======== Collected data ========

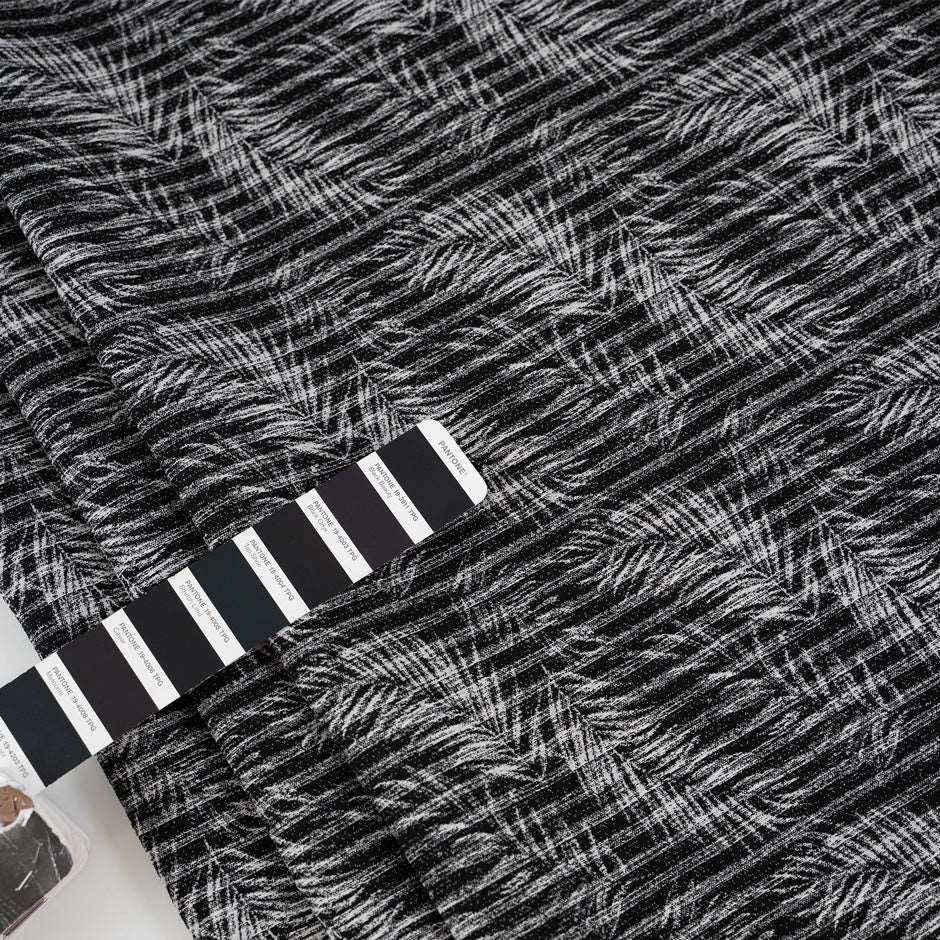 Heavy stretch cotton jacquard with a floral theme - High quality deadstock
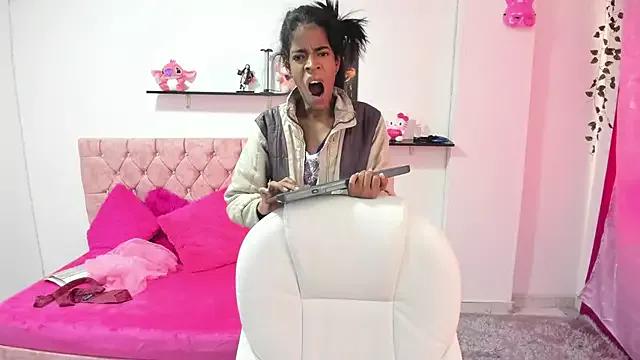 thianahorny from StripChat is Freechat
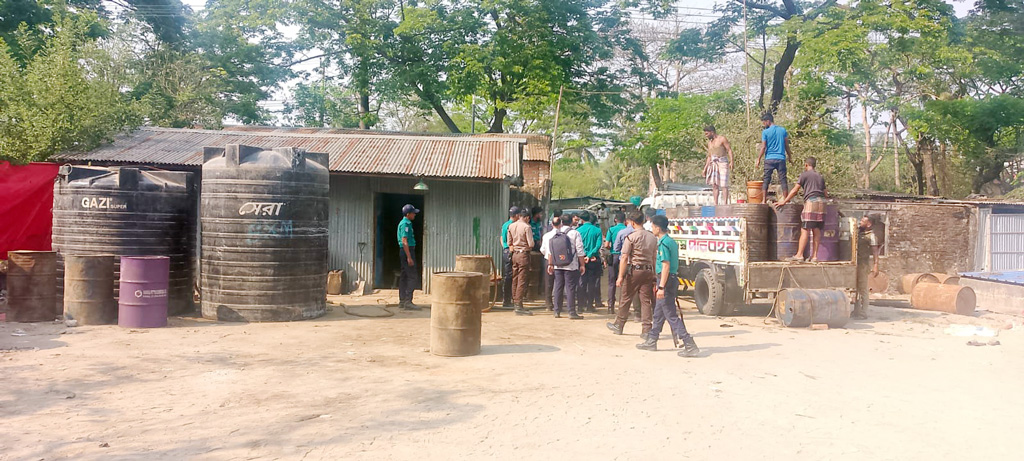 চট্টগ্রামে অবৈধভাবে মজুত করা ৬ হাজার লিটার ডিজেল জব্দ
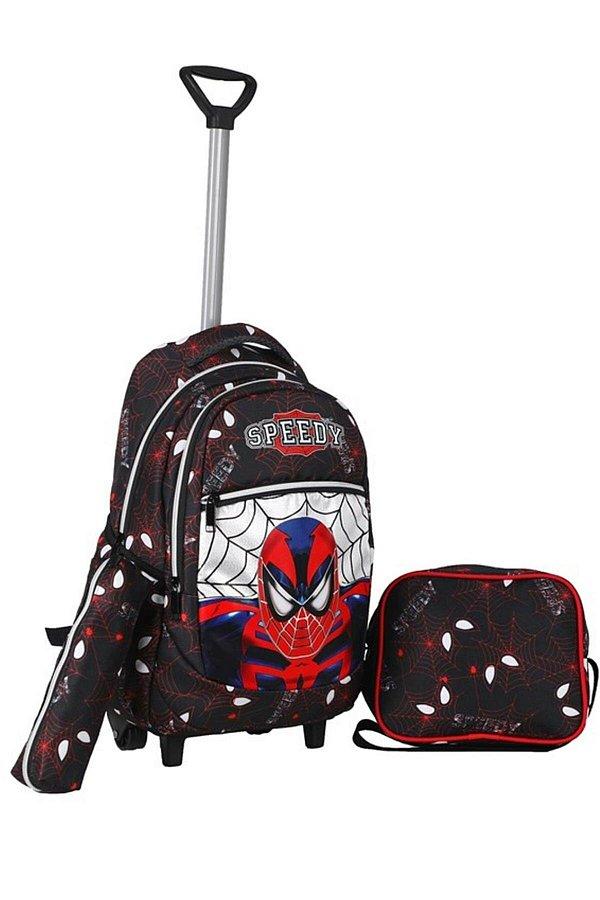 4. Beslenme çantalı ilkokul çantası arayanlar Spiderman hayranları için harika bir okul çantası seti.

========

#### Work instruction:
Everything in the listing above must be restated word for word, except the images.

#### Exercise response:
 Heavy stretch cotton jacquard with a floral theme - High quality deadstock
 thianahorny from StripChat is Freechat
 চট্টগ্রামে অবৈধভাবে মজুত করা ৬ হাজার লিটার ডিজেল জব্দ
 4. Beslenme çantalı ilkokul çantası arayanlar Spiderman hayranları için harika bir okul çantası seti.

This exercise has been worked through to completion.